#### Information provided
-=-=-
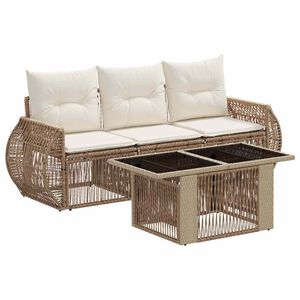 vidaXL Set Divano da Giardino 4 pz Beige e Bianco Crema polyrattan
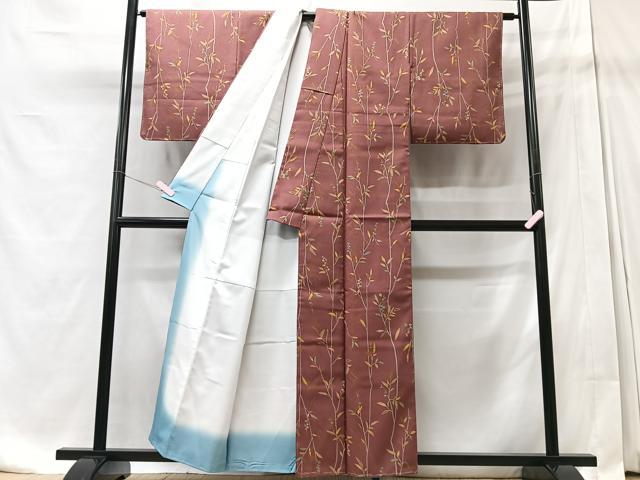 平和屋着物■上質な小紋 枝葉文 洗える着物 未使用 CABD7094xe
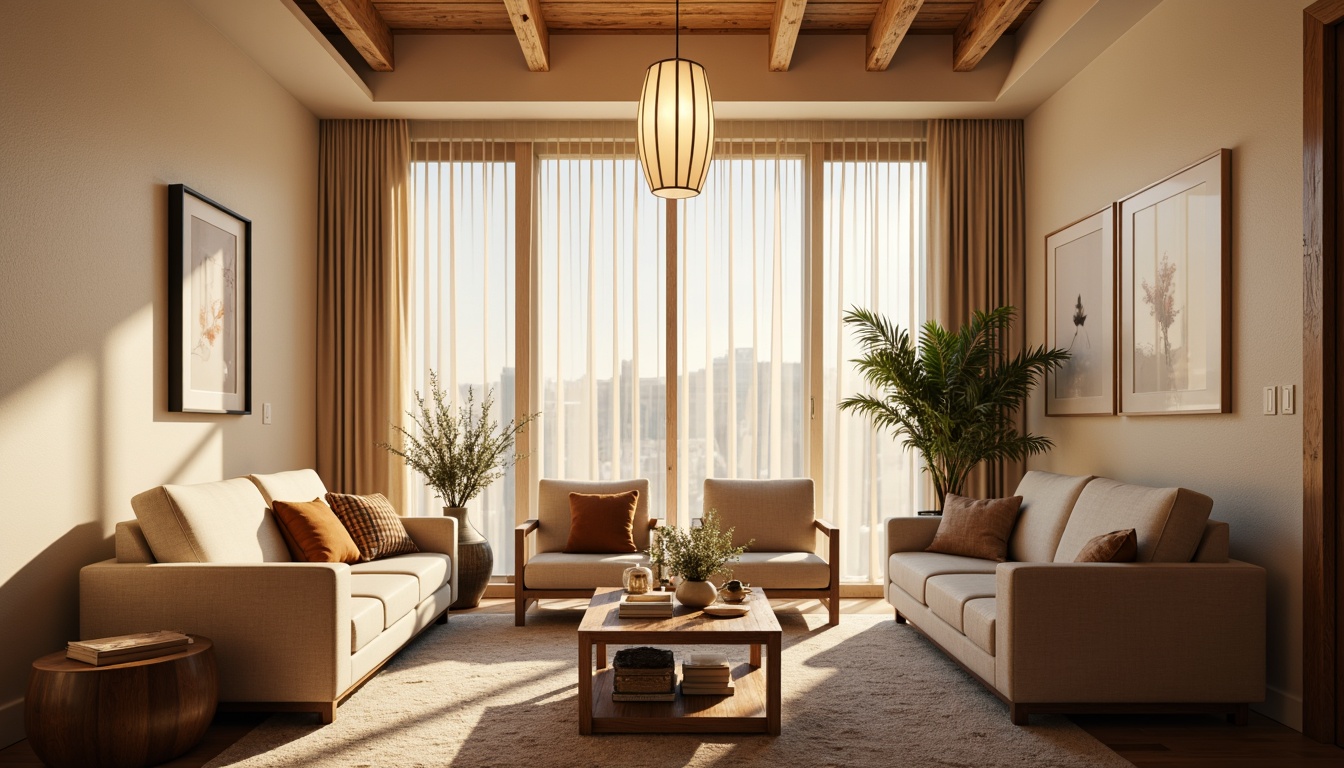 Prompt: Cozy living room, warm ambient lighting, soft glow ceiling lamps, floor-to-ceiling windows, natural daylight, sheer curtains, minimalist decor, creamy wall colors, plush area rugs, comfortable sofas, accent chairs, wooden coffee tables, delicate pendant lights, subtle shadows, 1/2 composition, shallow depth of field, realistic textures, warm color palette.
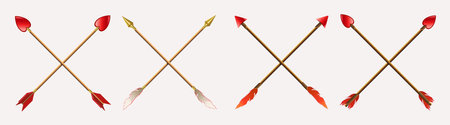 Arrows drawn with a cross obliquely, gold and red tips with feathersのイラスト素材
-=-=-
#### About this exercise
Repeat the material above exactly. Leave every picture out of it.

#### Your response
 vidaXL Set Divano da Giardino 4 pz Beige e Bianco Crema polyrattan
 平和屋着物■上質な小紋 枝葉文 洗える着物 未使用 CABD7094xe
 Prompt: Cozy living room, warm ambient lighting, soft glow ceiling lamps, floor-to-ceiling windows, natural daylight, sheer curtains, minimalist decor, creamy wall colors, plush area rugs, comfortable sofas, accent chairs, wooden coffee tables, delicate pendant lights, subtle shadows, 1/2 composition, shallow depth of field, realistic textures, warm color palette.
 Arrows drawn with a cross obliquely, gold and red tips with feathersのイラスト素材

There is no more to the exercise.